What the task asks: Except for images, print the whole listing verbatim.

(Given information Opens)

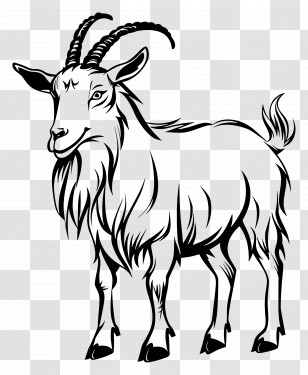 Goat - Detailed Goat Sketch Transparent PNG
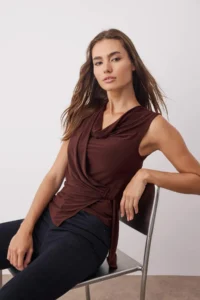 TRENDYOLMİLLA Brown Drape Detailed Off-Shoulder Neck Long Sleeve Knitting Blouse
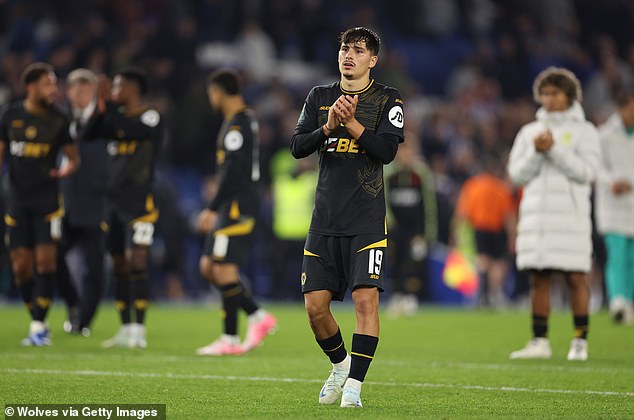 The Wolves players applauded their travelling supporters after a disappointing evening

(Given information Closes)

Result of the task:
 Goat - Detailed Goat Sketch Transparent PNG
 TRENDYOLMİLLA Brown Drape Detailed Off-Shoulder Neck Long Sleeve Knitting Blouse
 The Wolves players applauded their travelling supporters after a disappointing evening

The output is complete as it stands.